The presence of absence

August 21, 2010

The limits of being human are never quite so obvious as when our loved ones die. Their absence is so pervasive to the point of being its own entity.

A few days back, I sent my beloved kitty into the great beyond and still cry about it. My perspective remains intact: this was a very old cat who had stopped eating and lost the ability to drink water. She was not going to recover and could have lingered for weeks, yowling over her water dish managing only to take a lick or two. I was clinging to her life more than she was, and I still doubt whether I made the right decision to assist her on her way. I would much have preferred that she die of her own accord and, eventually, she would have, but after how much suffering, I don’t know.

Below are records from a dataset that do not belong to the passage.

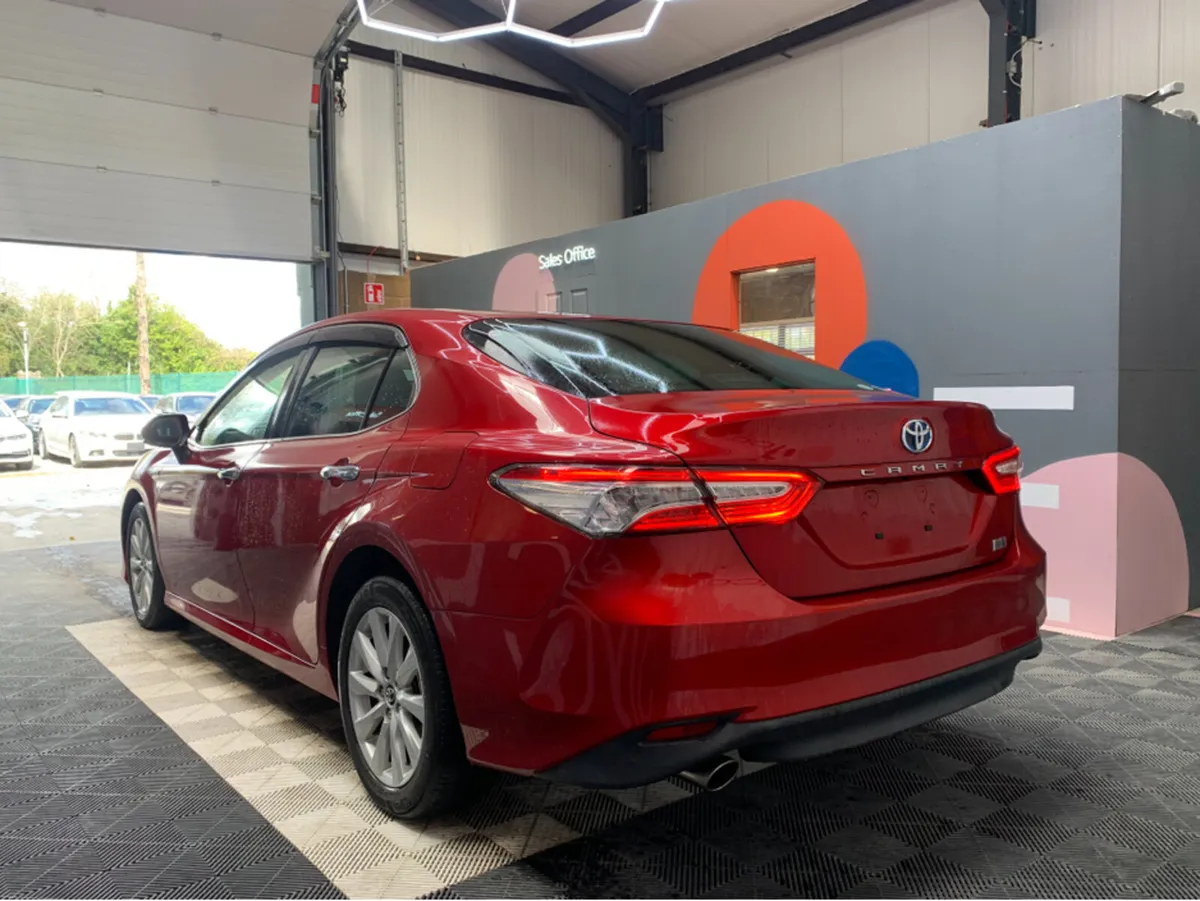 Toyota Camry 2.5 HYBRID / 90k KMs / Cruise Control - Image 4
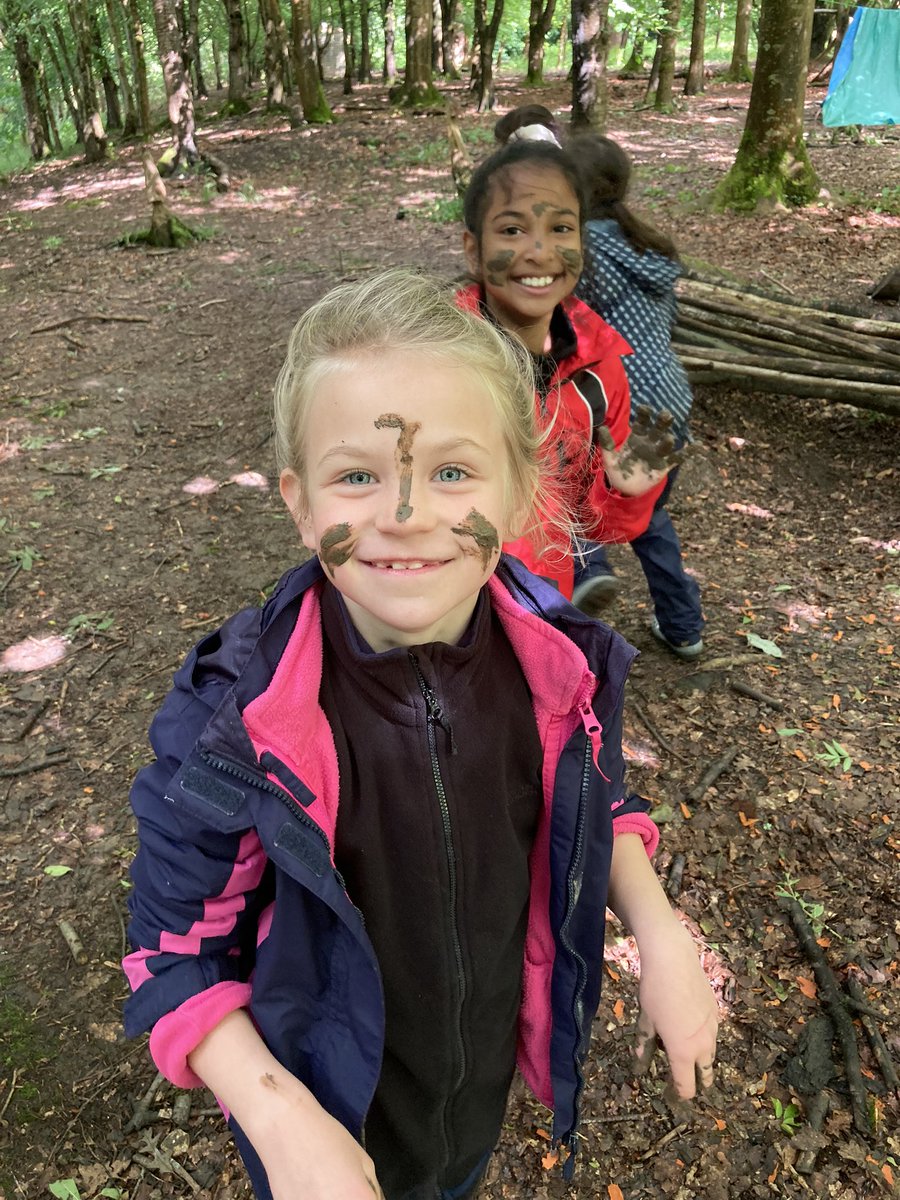 PipersForestSch's tweet image. Year 3 #pipersprep day continues with mud! #forestfun #pipersgrounds
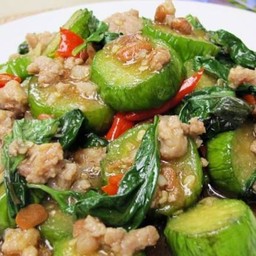 มะเขือยาวผัดหมูสับ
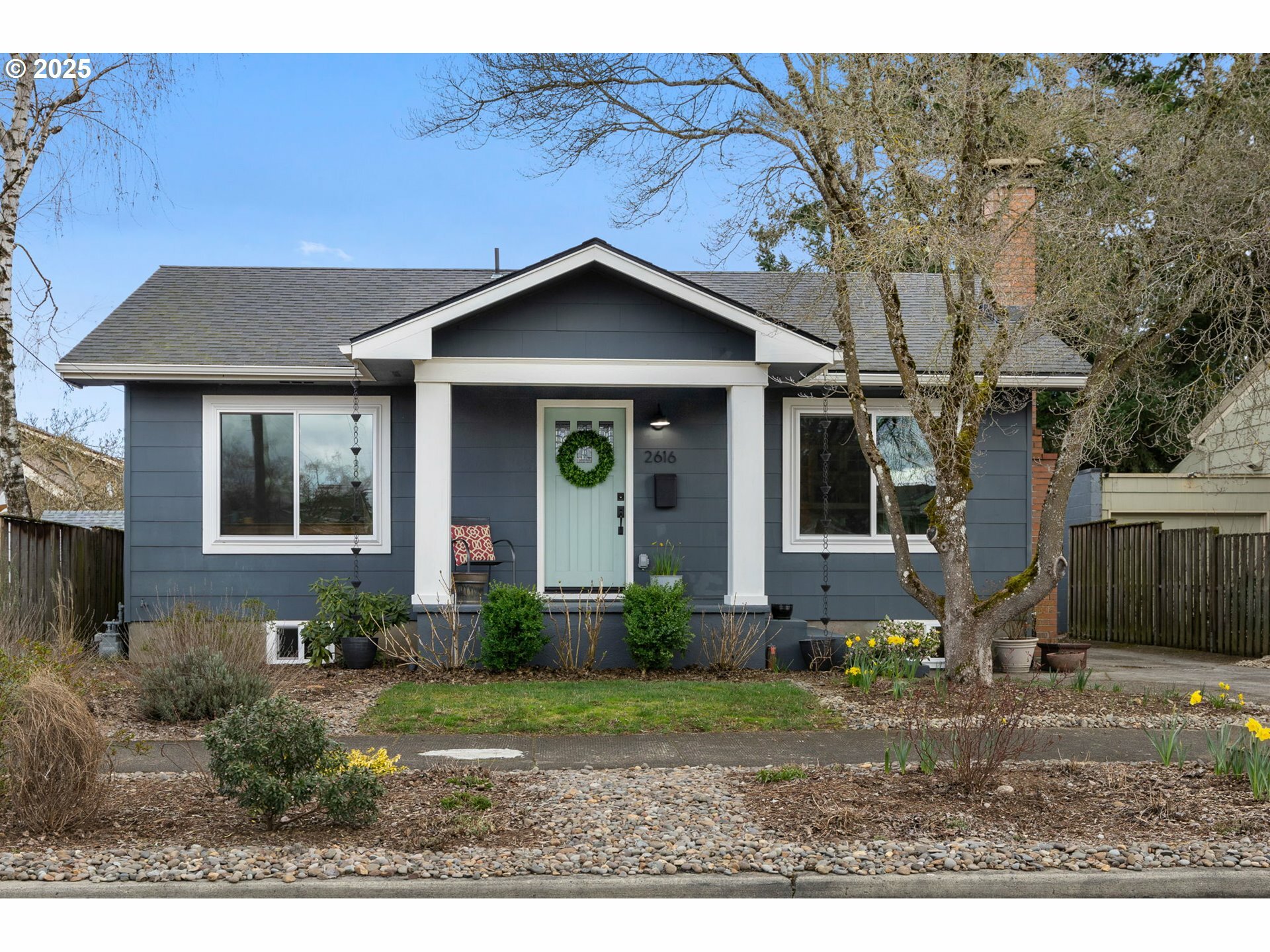 2616 NE 63rd Ave  Portland OR 97213 photo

Her absence is still very much in residence. Her ghost is here. I glimpse her image out of the corner of my eye as I pass a corner where she slept and on the stairs she would run down to greet me when I came home each day (yes, not your typical aloof cat). These empty spaces are full of her absence. They used to be full of her presence.

If our loving were so strong, I imagine that our connection would supersede death. But, the actual physical connection is severed. My connection with those in my life who have died is in the memories and recreating the feelings in those memories in a bittersweet dance. It is the irretrievable presence that most consumes my misery. It is one thing to be separated while knowing that the other still physically exists. We can retrieve another’s presence in our lives. It is another thing when death is the separator.

Those who have physically died have entered an energy state our human senses cannot always detect. Why this is so, I don’t know. But I believe there must be a life-sustaining reason for it. One of the laws of physics says that energy can neither be created nor destroyed – it only changes form. We don’t know that energy cannot be created. We only know that as humans we cannot create energy. It is the law of our human existence, not necessarily of our energy existence.

In the presence of absence, there are lessons to be learned. Absence itself is an energy that is teaching me to be present in each moment and be mindful of the memory that I am currently creating.